> About this task
Give the listing again word for word. Skip the pictures.

> Available data
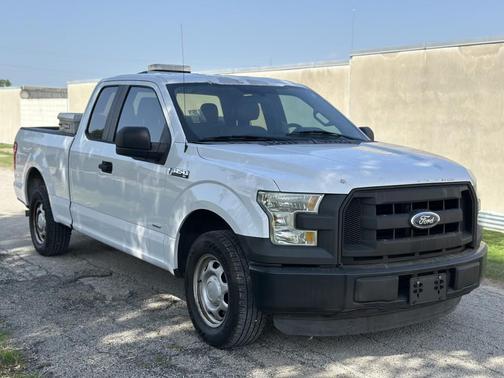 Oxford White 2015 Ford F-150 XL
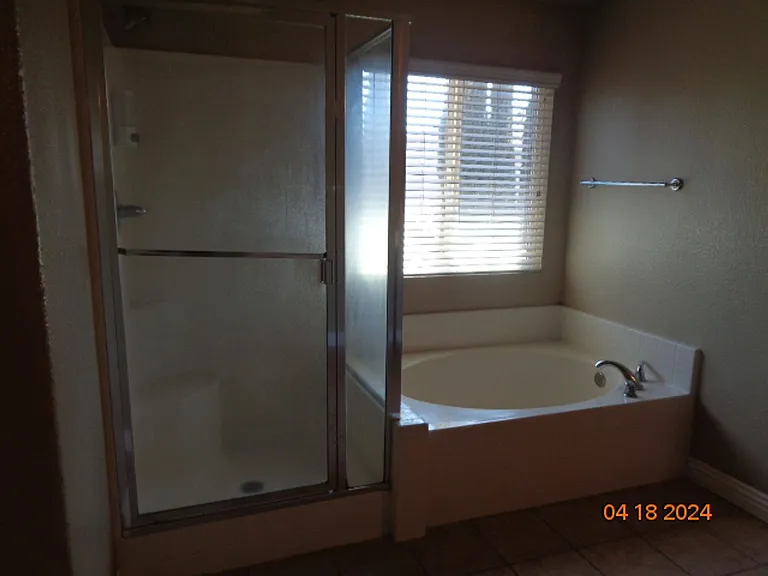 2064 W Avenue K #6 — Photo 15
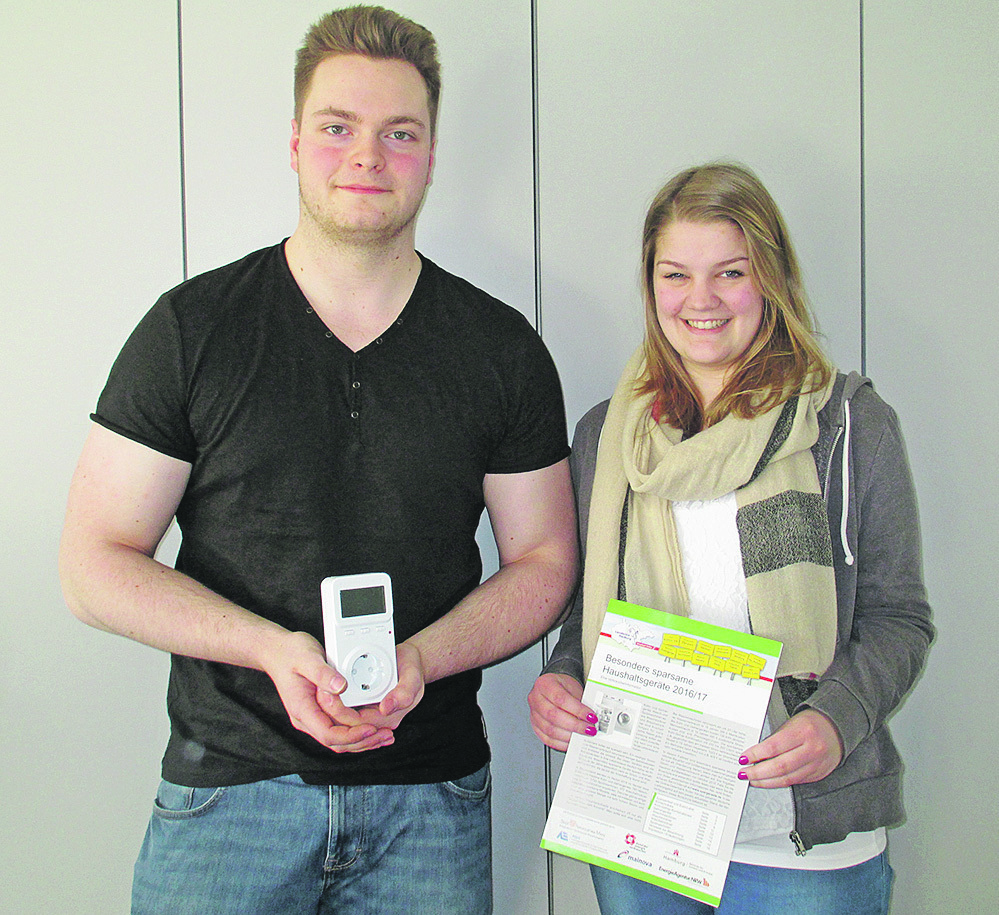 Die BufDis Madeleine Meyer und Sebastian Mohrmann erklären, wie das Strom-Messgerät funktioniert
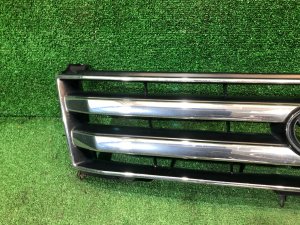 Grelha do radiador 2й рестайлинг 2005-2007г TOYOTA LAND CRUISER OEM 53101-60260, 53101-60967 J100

> Response to the exercise
 Oxford White 2015 Ford F-150 XL
 2064 W Avenue K #6 — Photo 15
 Die BufDis Madeleine Meyer und Sebastian Mohrmann erklären, wie das Strom-Messgerät funktioniert
 Grelha do radiador 2й рестайлинг 2005-2007г TOYOTA LAND CRUISER OEM 53101-60260, 53101-60967 J100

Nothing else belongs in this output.